Naja, es ist halt kein normaler ATX Rechner sondern eine besonders schmale Ausführung ... für die Teile gibts durchaus Daseinsberechtigungen ... aber die Möglichkeiten eines "normalen" ATX Konformen Rechners sollte man hier nicht erwarten

@ PCFreak

Naja, diese Erweiterungen schränken ja nicht unbedingt die Verwendbarkeit der Basishardware ein ... und wenn Medion den Kram günstig beschaffen kann wird der nächste Aldi Rechner halt nen 10er güntiger 

edit:

Das der Prozessor semi-passiv gekühlt wird hab ich mir schon gedacht, bei dem schmalen Gehäuse auch nachvollziehbar ...


----------



## pcfreak26 (7. Januar 2011)

Erzbaron schrieb:


> Naja, diese Erweiterungen schränken ja nicht unbedingt die Verwendbarkeit der Basishardware ein ... und wenn Medion den Kram günstig beschaffen kann wird der nächste Aldi Rechner halt nen 10er güntiger



Das hab ich ja auch nicht gesagt, hatte bloss schon öfters den fall das ich die stecker im falle einer um- bzw aufrüstung umpolen musste. Das ist eine Frickelei, aber machbar!
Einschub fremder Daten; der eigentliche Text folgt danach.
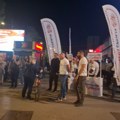 (VIDEO) Incident kod Futoške pijace, kandidat SNS Vukašin Đoković pokušao da otme zastavu „Studenti pobeđuju“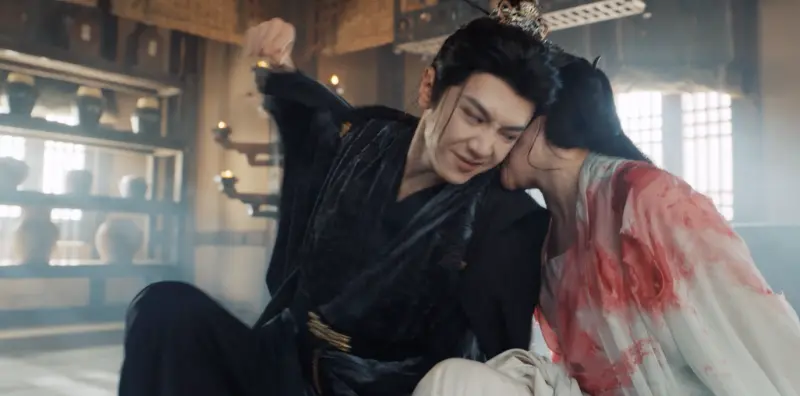 ▲李沁（右）在《一笑隨歌》中被陳哲遠（左）吊起來抽了47鞭，她也反咬了陳哲遠一口，陳哲遠朝她肚子狂揍，男女主角開虐讓人不忍直視。（圖／翻攝自愛奇藝）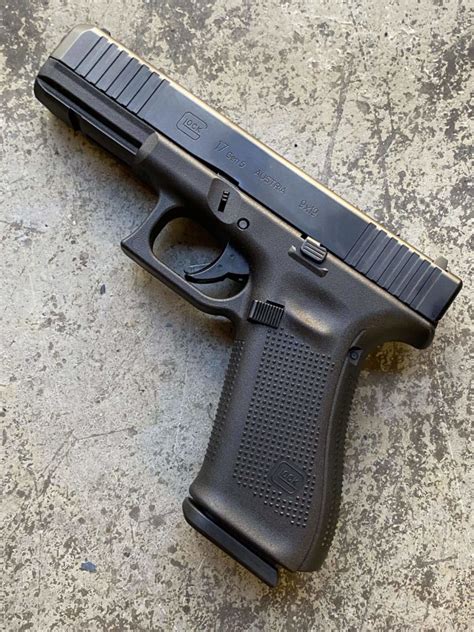 Glock 17 Gen 5 9mm With Front Cocking Serrations Boresight Solutions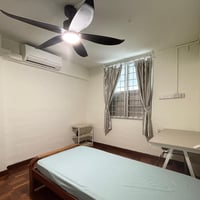 Queenstown HDB Common Room for Rent – 13 Holland Drive - Image 1 of 5 - Thumbnail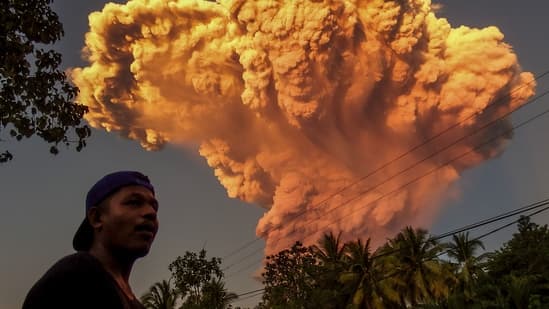 Fact Check: Mount Lewotobi Laki-Laki erupts, sending ash 6.8 miles high!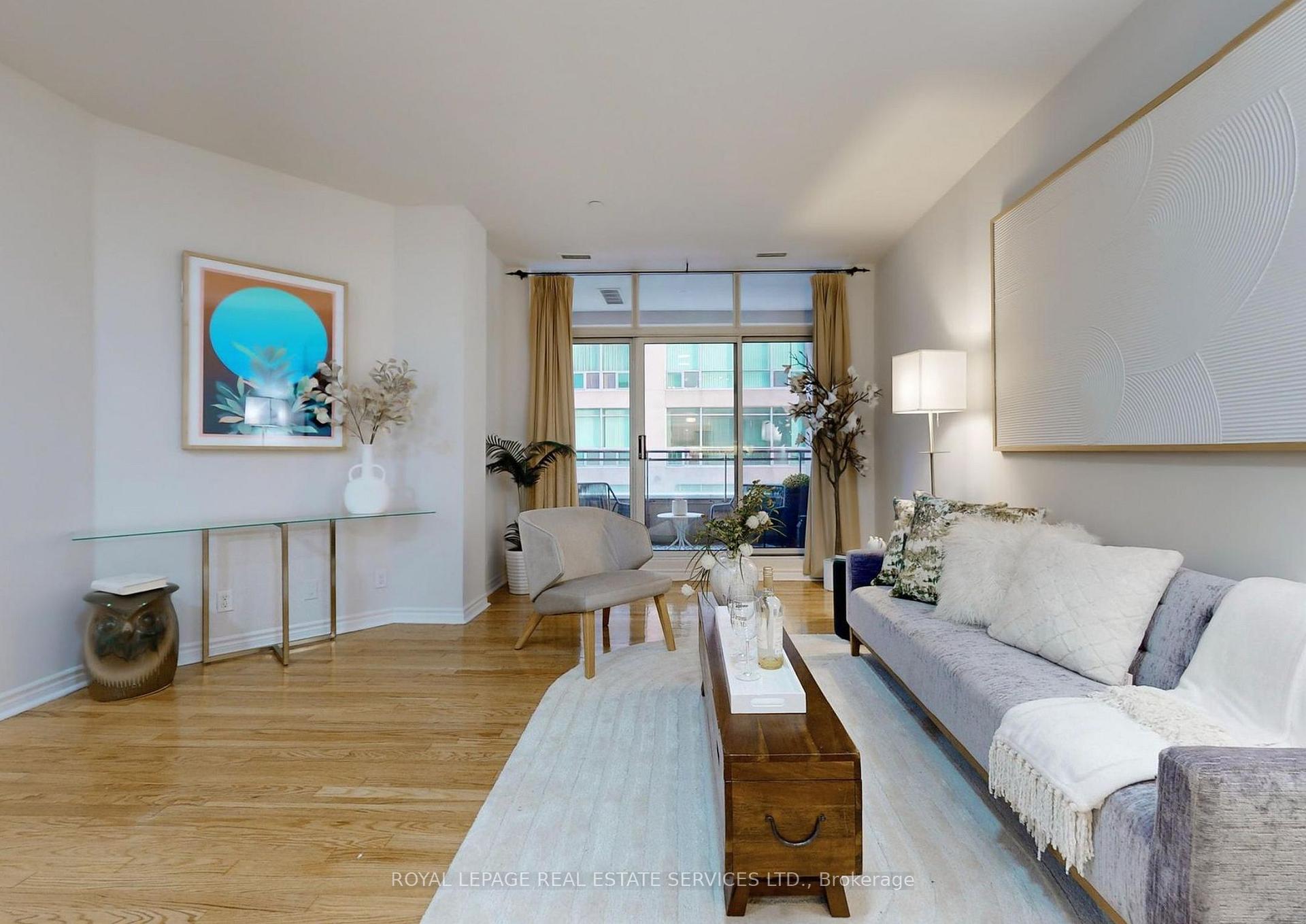 Photo 4 of Unit 604, 980 Yonge Street, Toronto, The Annex — HOMEH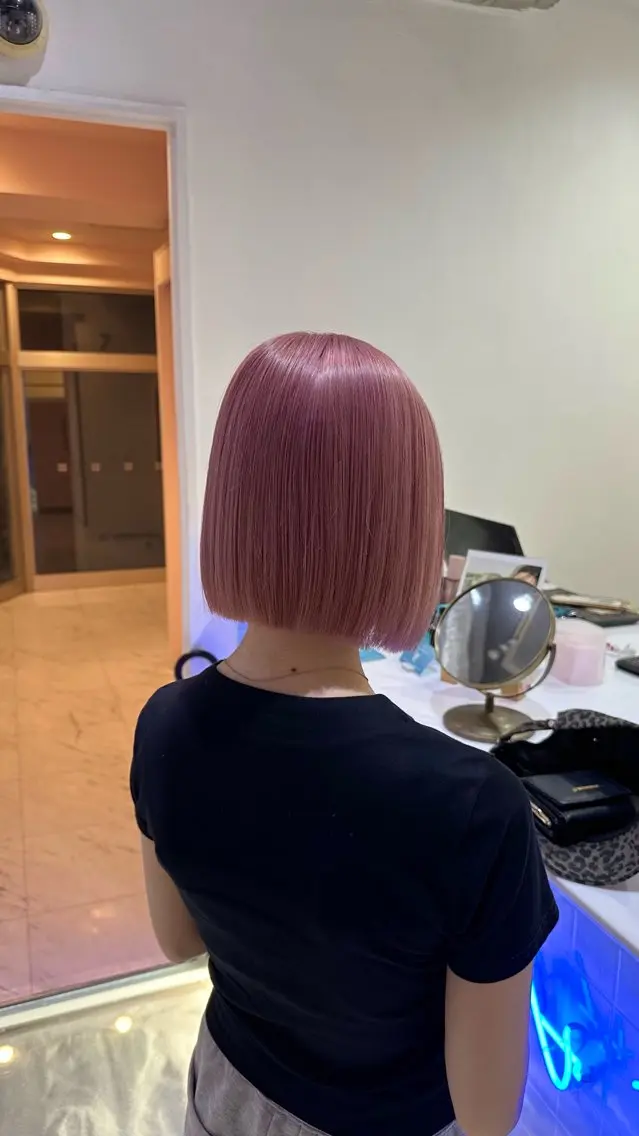 ショート カラー ヘアカラー モテ艶🪄ベージュ カラー🧸RUKAのヘアスタイル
Was man eben nicht alles macht um seine Kunden zufrieden zu stellen


----------



## ghostadmin (7. Januar 2011)

Wenn du ein Ersatznetzteil suchst, dann schau dich mal bei ebay um, da findet man son Zeugs häufig.


----------



## FAT (7. Januar 2011)

Hier mal ein paar Fotos des Ganzen:

http://www.picfront.org/d/80vC

http://www4.picfront.org/token/JeoX/2011/01/07/1908585.jpg

http://www4.picfront.org/token/JeoX/2011/01/07/1908586.jpg


----------



## ghostadmin (7. Januar 2011)

Bitte lade die Bilder im Forum hoch!

http://extreme.pcgameshardware.de/a...rtikel/20287-howto-bilderupload-im-forum.html


----------



## pcfreak26 (7. Januar 2011)

Ist zwar eine Semi Passive Lösung allerdings über einen gehäuselüfter realisiert. Wie gesagt, falls du kein passendes Netzteil findest (nicht nur auf Bauform sondern auch auf die Leistungdaten achten), bleibt dir nur das Gehäuse zu wechseln und einen anderen CPU-Kühler wirst du ebenfalls brauchen.


----------



## FAT (7. Januar 2011)

angehängt..


----------



## pcfreak26 (7. Januar 2011)

Ich seh grad, das scheint ein BTX System zu sein,Oh Oh. Oder irre ich mich da, weil vom aufbau siehts fast so aus.


----------



## Erzbaron (7. Januar 2011)

Vom Grundprinzip könnte das durchaus eine BTX Bauform sein ... aber ein reguläres ATX Netzteil bekommste da im Leben nicht rein  und das Board bekommste in kaum ein anderes Gehäuse eingebaut ...


----------